Great Expectations
Setup
-
Before adding expectations to your pipeline, please make sure you have at least 1 data loader, transformer, or data exporter block. They must be Python blocks (SQL block support coming soon).
If you don’t have any blocks, add a data loader block and paste the following code:
import io import pandas as pd import requests @data_loader def load_data_from_api(*args, **kwargs): url = 'https://raw.githubusercontent.com/mage-ai/datasets/master/restaurant_user_transactions.csv' response = requests.get(url) return pd.read_csv(io.StringIO(response.text), sep=',')
For more expectations, read Great Expectation’s documentation.
-
In the list of available power ups, click the option for Great Expectations.
Adding expectations to your pipeline
-
Once you’re on the Great Expectations power up detail page, you can add extension blocks to the current pipeline by clicking the button labeled [+ Extension block].
-
In dropdown menu, click the template option labeled Empty template.
-
A popup dialog may appear asking you to enter a name for the new extension block. If it appears, fill in
test number of rows
as the name and click the button labeled [Save and add block]. -
Paste the following code in the extension block named
test number of rows
:@extension('great_expectations') def validate(validator, *args, **kwargs): validator.expect_table_row_count_to_be_between( min_value=1000, max_value=10000, )

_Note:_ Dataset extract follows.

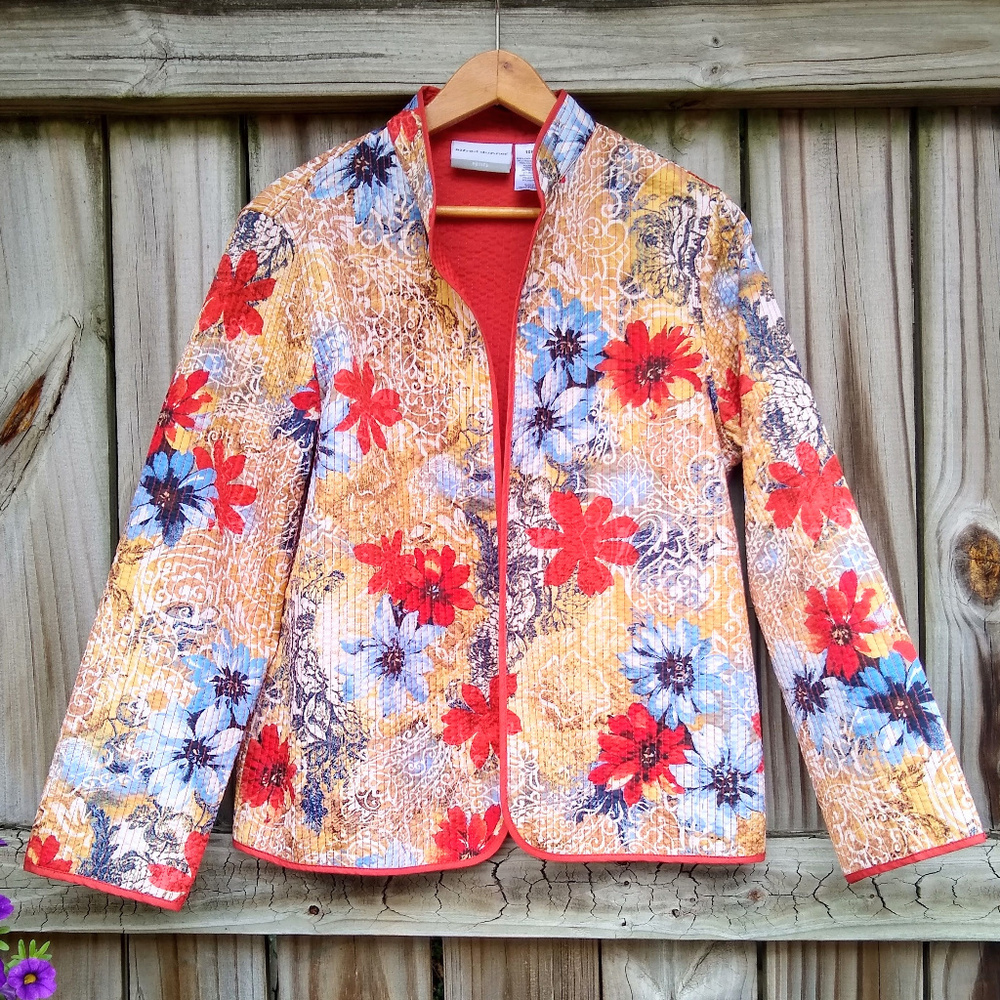 Alfred Dunner Quilted Floral Lightweight Jacket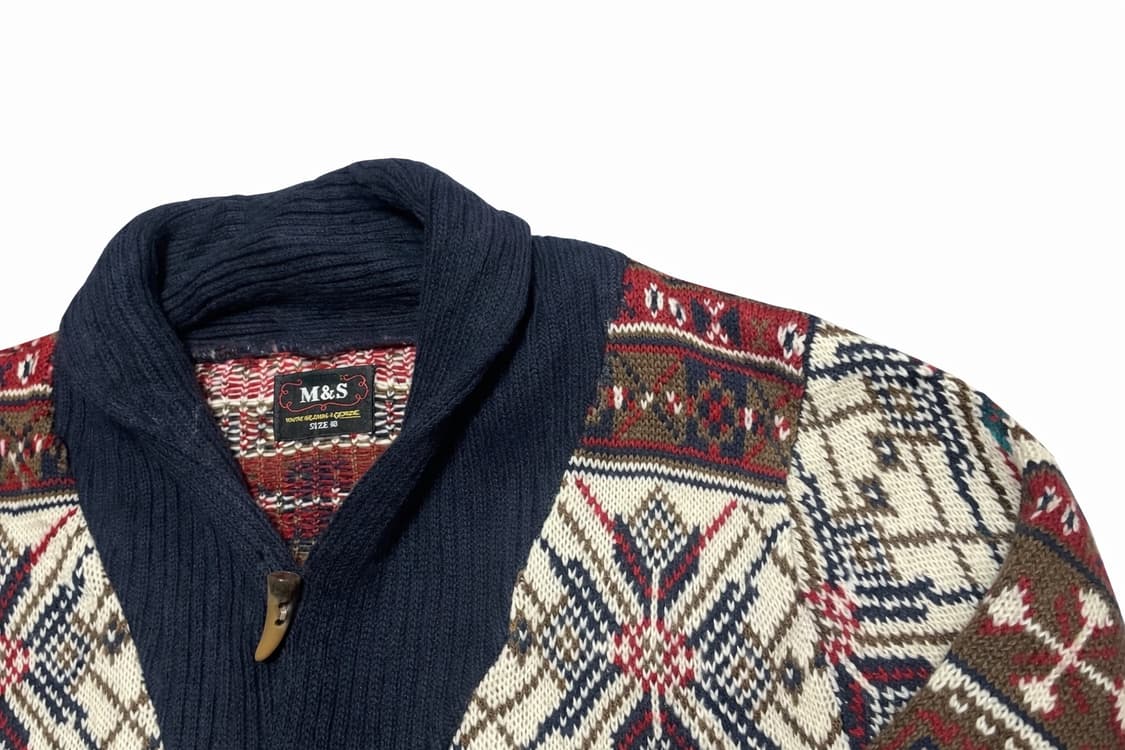 UK 90s~00s 영국 빈티지 페어아일 노르딕 숄카라 니트 가디건 상품이미지4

You can add expectations using code or from a JSON object. See section Defining expectations below for more details.
-
In the extension block near the bottom, click the input field that says “Select blocks to run expectations on”.
-
Once you click that input field, a list of blocks from your pipeline will appear.
-
Check the checkbox on the right side of the dropdown to associate that block to this extension block.
-
Click the button labeled Save selected blocks.
-
After you save, a button that is labeled after the name of the block you just selected will appear. For example, if your block is named
load_api_data_demo
, then a button labeled load_api_data_demo will appear. -
Click that button to run your extension block for the block
load_api_data_demo
. -
The output should look something like this:
Calculating Metrics: 0%| | 0/1 [00:00<?, ?it/s] Calculating Metrics: 0%| | 0/1 [00:00<?, ?it/s] Expectations from extension test_number_of_rows for block load_api_data_demo succeeded. { "results": [ { "expectation_config": { "expectation_type": "expect_table_row_count_to_be_between", "kwargs": { "min_value": 1000, "max_value": 10000, "batch_id": "9946450cf9609e633658e9c4ee38efa5" }, "meta": {} }, "success": true, "meta": {}, "exception_info": { "raised_exception": false, "exception_traceback": null, "exception_message": null }, "result": { "observed_value": 10000 } } ], "success": true, "evaluation_parameters": {}, "meta": { "great_expectations_version": "0.15.50", "expectation_suite_name": "expectation_suite_for_block_load_api_data_demo", "run_id": { "run_name": null, "run_time": "2023-03-14T01:41:09.117251+00:00" }, "batch_spec": { "data_asset_name": "data_asset_load_api_data_demo", "batch_data": "PandasDataFrame" }, "batch_markers": { "ge_load_time": "20230314T014109.103956Z", "pandas_data_fingerprint": "76d98f6ff10d31abaae6e9a7c47cc7c1" }, "active_batch_definition": { "datasource_name": "datasource_name_load_api_data_demo", "data_connector_name": "data_connector_name_load_api_data_demo", "data_asset_name": "data_asset_load_api_data_demo", "batch_identifiers": { "default_identifier_name": "default_identifier" } }, "validation_time": "20230314T014109.117222Z", "checkpoint_name": null }, "statistics": { "evaluated_expectations": 1, "successful_expectations": 1, "unsuccessful_expectations": 0, "success_percent": 100.0 } }
Other ways to run expectations
Whenever you run a block while editing your pipeline, any associated Great Expectations extension blocks will also be ran.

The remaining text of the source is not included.